Asthma is one of the most common and expensive medical problems in the world, affecting 300 million people and contributing $82bn in estimated direct and indirect costs in the US alone in 2013.

Chronic conditions in general, which also include high blood pressure and diabetes, are a huge drain on healthcare systems, which could save $290bn per year if they found a way to prevent repeatable and avoidable hospital admissions.

That’s according to Dr Michelle Hernandez, an associate professor specialising in allergies and immunology at the University of North Carolina’s School of Medicine.

She has worked with software developer SAS to develop personalised technology that can help predict when a patient could experience an asthma attack.

Asthma is a condition in which a person’s airways narrow and swell, producing extra mucus that can make breathing difficult and trigger coughing, wheezing and shortness of breath.

Treatment usually involves daily medication that reduces inflammation, as well as “rescue medicine” in the form of an inhaler or injections that, in the case of a more serious episode, relax the muscles and open them up.

“But at the end of the day, medication can only do so much and if there’s an exposure that causes asthma, then we tell people to reduce that exposure,” says Dr Hernandez.

The problem, though, is that pollen and air pollution – two of the biggest causes of asthma attacks – can be difficult to avoid.
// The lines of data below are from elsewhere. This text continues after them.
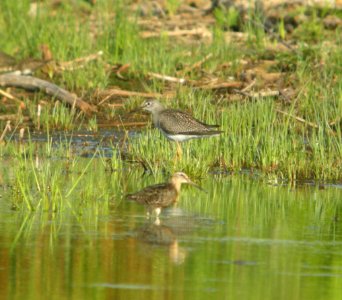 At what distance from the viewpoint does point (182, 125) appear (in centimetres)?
1409

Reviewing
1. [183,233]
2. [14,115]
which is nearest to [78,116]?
[14,115]

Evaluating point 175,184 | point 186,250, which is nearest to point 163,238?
point 186,250

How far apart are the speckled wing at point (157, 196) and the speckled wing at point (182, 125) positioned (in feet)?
9.14

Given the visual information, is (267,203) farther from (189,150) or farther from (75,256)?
(75,256)

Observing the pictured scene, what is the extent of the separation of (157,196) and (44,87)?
7165mm

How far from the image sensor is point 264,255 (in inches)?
366

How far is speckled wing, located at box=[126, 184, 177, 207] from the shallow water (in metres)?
0.15

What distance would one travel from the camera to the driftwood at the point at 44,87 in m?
17.4

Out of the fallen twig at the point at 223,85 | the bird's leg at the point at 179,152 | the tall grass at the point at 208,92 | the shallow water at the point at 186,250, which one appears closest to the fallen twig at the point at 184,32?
the tall grass at the point at 208,92

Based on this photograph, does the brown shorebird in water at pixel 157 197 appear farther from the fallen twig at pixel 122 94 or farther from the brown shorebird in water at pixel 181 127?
the fallen twig at pixel 122 94

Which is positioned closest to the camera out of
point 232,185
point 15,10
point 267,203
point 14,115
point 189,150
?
point 267,203

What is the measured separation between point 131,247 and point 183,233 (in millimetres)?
776

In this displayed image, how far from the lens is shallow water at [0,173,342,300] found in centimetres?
817

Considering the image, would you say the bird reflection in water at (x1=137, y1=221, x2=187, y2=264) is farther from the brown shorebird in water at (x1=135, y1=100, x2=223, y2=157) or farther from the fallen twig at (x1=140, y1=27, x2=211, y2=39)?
the fallen twig at (x1=140, y1=27, x2=211, y2=39) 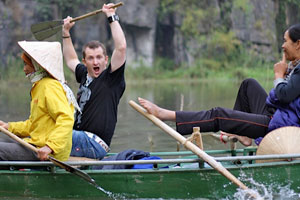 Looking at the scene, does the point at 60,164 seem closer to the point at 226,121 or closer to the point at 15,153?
the point at 15,153

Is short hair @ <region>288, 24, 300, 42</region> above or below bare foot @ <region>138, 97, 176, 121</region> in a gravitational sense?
above

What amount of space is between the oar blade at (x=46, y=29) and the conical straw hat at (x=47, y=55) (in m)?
1.07

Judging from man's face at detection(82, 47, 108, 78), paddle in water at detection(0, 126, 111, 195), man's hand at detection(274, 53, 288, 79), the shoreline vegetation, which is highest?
man's face at detection(82, 47, 108, 78)

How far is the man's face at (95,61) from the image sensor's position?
477 cm

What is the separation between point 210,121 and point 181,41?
76.0ft

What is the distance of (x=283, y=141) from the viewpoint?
4359 millimetres

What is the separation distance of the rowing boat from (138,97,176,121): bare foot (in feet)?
1.36

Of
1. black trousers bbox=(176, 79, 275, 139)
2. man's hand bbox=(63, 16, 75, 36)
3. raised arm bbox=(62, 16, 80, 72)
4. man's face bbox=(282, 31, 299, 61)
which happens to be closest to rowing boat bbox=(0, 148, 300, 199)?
black trousers bbox=(176, 79, 275, 139)

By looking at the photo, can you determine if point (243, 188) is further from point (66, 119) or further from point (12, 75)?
point (12, 75)

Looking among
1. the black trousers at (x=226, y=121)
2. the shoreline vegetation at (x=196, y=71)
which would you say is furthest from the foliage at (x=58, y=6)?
the black trousers at (x=226, y=121)

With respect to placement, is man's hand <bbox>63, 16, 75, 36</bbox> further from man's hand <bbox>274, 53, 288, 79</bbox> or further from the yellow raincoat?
man's hand <bbox>274, 53, 288, 79</bbox>

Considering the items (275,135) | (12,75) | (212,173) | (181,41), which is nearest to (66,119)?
(212,173)

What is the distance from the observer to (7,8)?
2438 cm

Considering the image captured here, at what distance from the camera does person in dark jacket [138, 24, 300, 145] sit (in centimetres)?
445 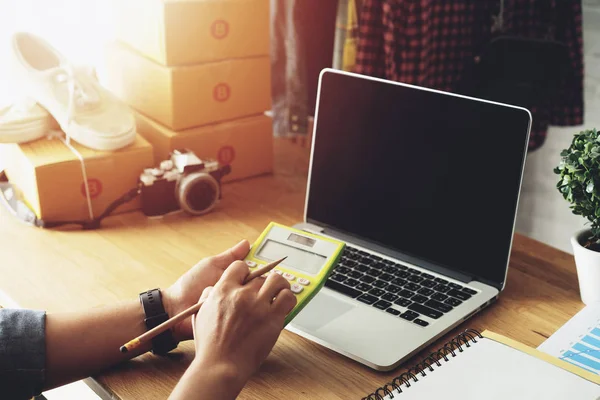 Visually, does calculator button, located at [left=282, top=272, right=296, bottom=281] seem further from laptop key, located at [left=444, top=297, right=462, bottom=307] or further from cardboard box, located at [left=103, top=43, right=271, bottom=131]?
cardboard box, located at [left=103, top=43, right=271, bottom=131]

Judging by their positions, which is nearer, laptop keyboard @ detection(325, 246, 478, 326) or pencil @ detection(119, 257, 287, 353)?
pencil @ detection(119, 257, 287, 353)

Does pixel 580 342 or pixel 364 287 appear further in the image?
pixel 364 287

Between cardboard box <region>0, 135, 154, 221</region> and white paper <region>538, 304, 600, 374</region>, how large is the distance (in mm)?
779

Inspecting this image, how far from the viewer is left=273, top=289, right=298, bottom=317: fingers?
0.80 meters

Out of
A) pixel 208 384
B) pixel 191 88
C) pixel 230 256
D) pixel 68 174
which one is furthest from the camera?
pixel 191 88

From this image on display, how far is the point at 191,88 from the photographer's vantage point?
1.34 metres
Dr Hernandez and SAS’ research project involves supplying patients with devices that are designed to be worn all the time and are equipped with physiological, biochemical and environmental sensors.

During her team’s investigation, they found that personalised monitoring of the pollutant gas ozone could help prevent asthma attacks.

“What we found over time is that with higher levels of ozone, they had significant drops in lung function,” says Dr Hernandez.

“It emphasised that medication isn’t enough – we need to try to reduce the exposure, which is where mobile technology can help.

“The ultimate goal for me is if we can tell if a person is going to be sick and needs help, then we can try to prevent those emergency care visits and have the best life possible.”

As well as asthma, the technology can be applied for atrial fibrillation, diet management, wound healing and detecting whether patients are taking medication.